Satuan Reskrim Polresta Denpasar dan Resmob gabung Polsek Denpasar Selatan bersama tim Labfor Polda Bali melaksanakan olah TKP korban AS di Pemogan, Denpasar Barat, Bali, Kamis (16/7/2026). ANTARA/HO-Humas Polresta Denpasar
Terungkap! Hasil Autopsi Jasad Wanita di Kos Bali Tunjukkan Bekas Cekikan
Lukman Diah Sari • 17 July 2026 09:31
Denpasar: Polresta Denpasar mengungkap hasil autopsi jenazah perempuan berinisial AS yang merupakan korban pembunuhan di rumah kos kawasan Kelurahan Pedungan, Denpasar Selatan, Bali, oleh WN Singapura berinisial MZ, 25. Hasil pemeriksaan forensik RSUP Prof. Ngoerah Denpasar memastikan korban meninggal akibat kekerasan pada leher yang sesuai dengan mekanisme cekikan.
"Dari pemeriksaan dokter forensik, penyebab kematian korban dipastikan akibat kekerasan benda tumpul pada leher yang konsisten dengan tindakan pencekikan," ungkap Wakapolresta Denpasar, AKBP I Ketut Widiarta, di Denpasar, melansir Antara, Jumat, 17 Juli 2026.
Dia menyebutkan autopsi dilakukan setelah jenazah dievakuasi ke rumah sakit pada Kamis dini hari, sekitar pukul 00.15 Wita. Dokter forensik juga menemukan sejumlah luka pada tubuh korban, di antaranya memar pada wajah, bibir kiri, dahi kanan, dan pelipis kiri.

Wakapolresta Denpasar AKBP I Ketut Widiarta menunjukkan barang bukti kasus pembunuhan oleh WN Singapura saat konferensi pers di Denpasar, Bali, Kamis (16/7/2026). ANTARA/Rolandus Nampu
Selain itu, terdapat resapan darah pada pelipis kanan, resapan darah pada otot leher kiri sepanjang 5 x 3 sentimeter, serta resapan darah di jaringan kulit leher.
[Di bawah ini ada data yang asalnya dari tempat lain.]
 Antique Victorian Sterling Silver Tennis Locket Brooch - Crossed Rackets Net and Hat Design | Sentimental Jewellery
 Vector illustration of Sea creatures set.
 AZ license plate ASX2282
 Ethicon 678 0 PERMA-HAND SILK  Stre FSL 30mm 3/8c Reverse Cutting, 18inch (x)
Temuan lain yang menguatkan dugaan korban meninggal akibat dicekik adalah patahnya tulang lidah bagian pangkal kiri.
"Berdasarkan hasil autopsi, dokter memperkirakan kematian korban terjadi sekitar tiga hingga lima hari sebelum jenazah dibawa ke rumah sakit," ujar Widiarta.
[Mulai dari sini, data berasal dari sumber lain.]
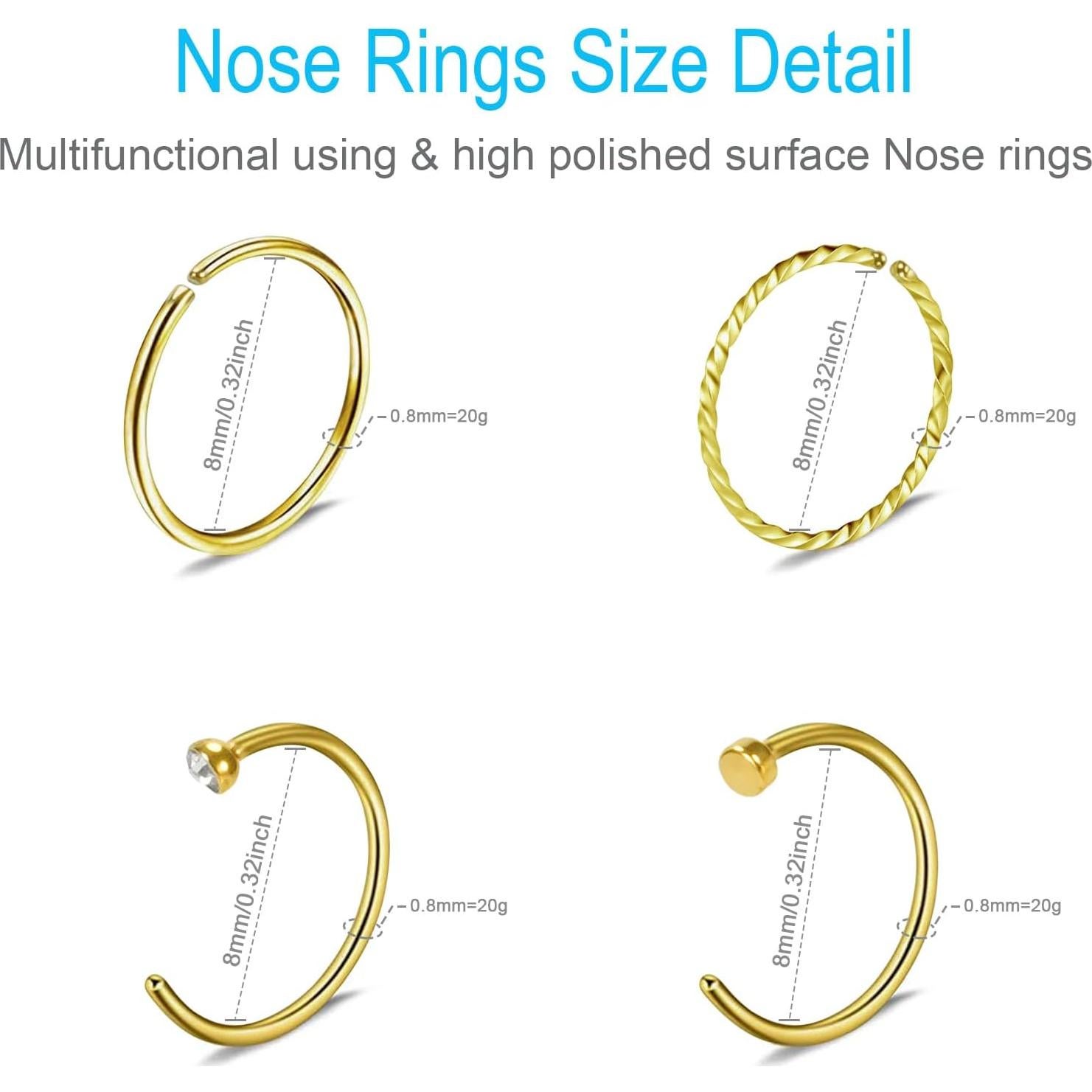 24 Piezas Aros y Studs de Nariz Dorados Acero Inoxidable 20G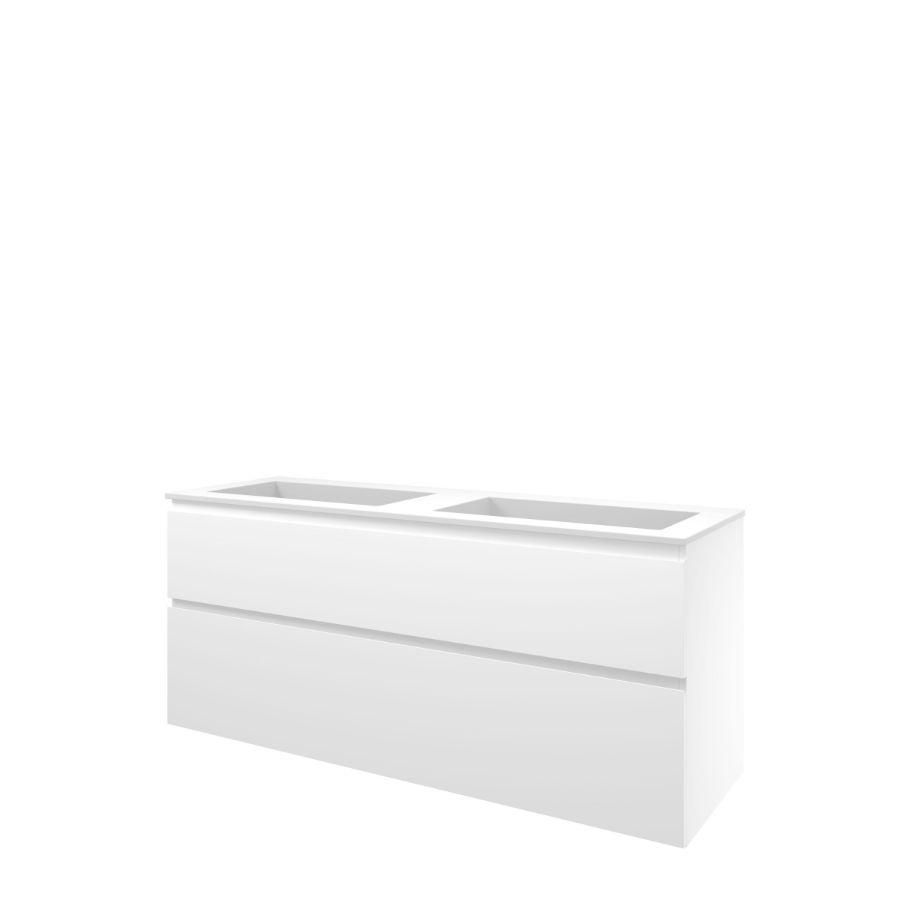 Set Proline polystone Elegant dubb. wastafel mat wit zonder kraangat onderkast asymmetrisch mat wit 140x46cm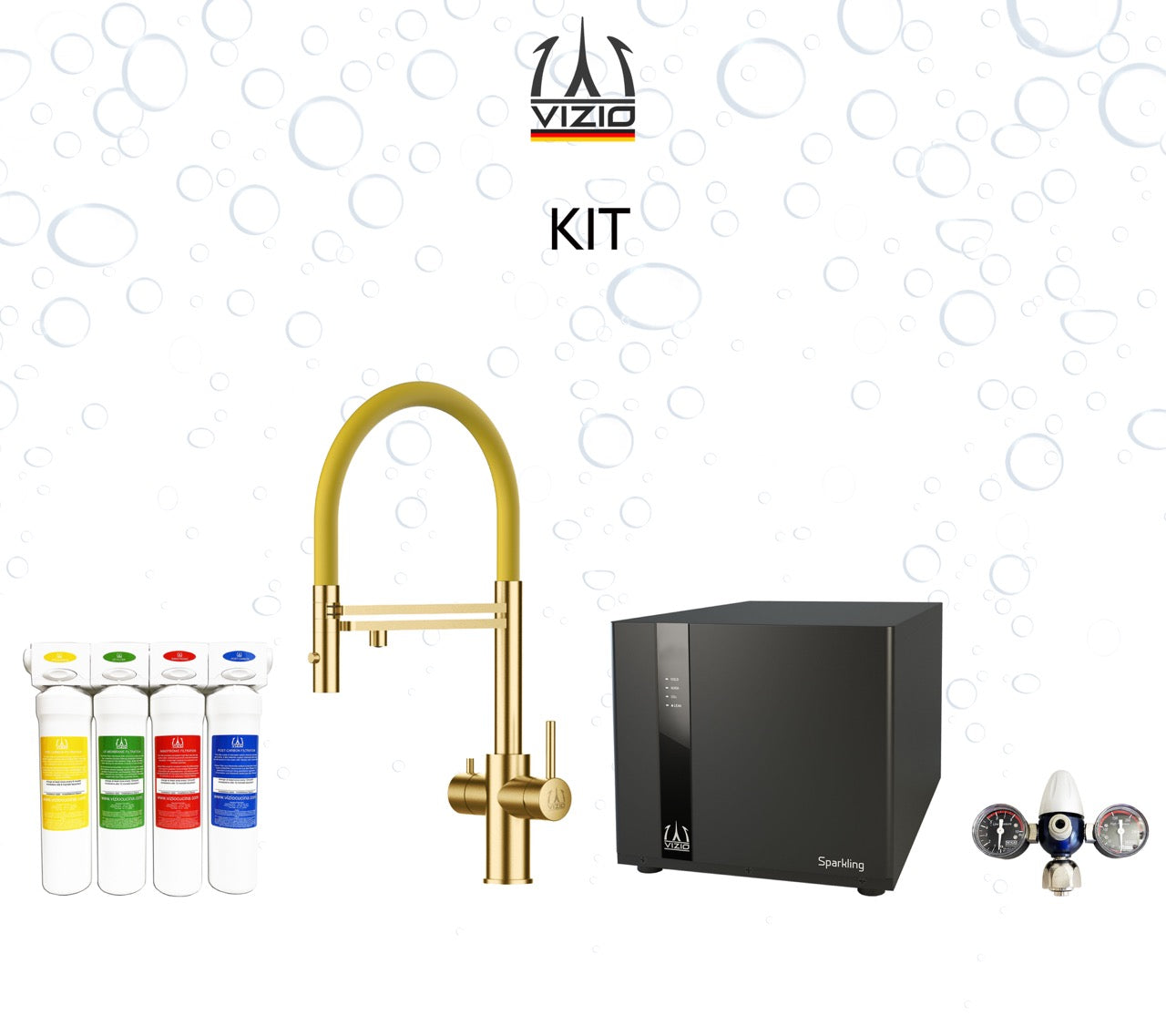 COMPLETE KIT 5 Way Kitchen Filter Tap in Solid STAINLESS STEEL with 360° swivel spout and 2-jets removable Spray, Satin Gold PVD + SPARKLING Machine + CO2 pressure reducer + Activated Carbon Water Filtration System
Polisi mengungkap korban diperkirakan meninggal pada Jumat, 10 Juli 2026, sekitar pukul 04.00 Wita setelah terlibat pertengkaran dengan kekasihnya, WN Singapura berinisial MZ. Pelaku diduga emosi karena korban meminta mengakhiri hubungan mereka.
Setelah penemuan jasad korban, pelaku sempat melarikan diri menggunakan sepeda motor. Namun, tim gabungan Satreskrim Polresta Denpasar, Polsek Denpasar Selatan, dan Ditreskrimum Polda Bali berhasil menangkap pelaku kurang dari tiga jam di kawasan Jalan Bypass Ngurah Rai, Denpasar Selatan.
Dari hasil penyidikan, polisi juga mengungkap MZ telah berada di Indonesia sekitar satu tahun menggunakan visa wisata dan telah melewati batas izin tinggal atau overstay.
Atas perbuatannya, MZ dijerat dengan Pasal 468 ayat (2) dan/atau Pasal 458 ayat (1) Undang-Undang Nomor 1 Tahun 2023 tentang Kitab Undang-Undang Hukum Pidana terkait penganiayaan berat yang mengakibatkan kematian dan pembunuhan, dengan ancaman pidana penjara paling lama 15 tahun.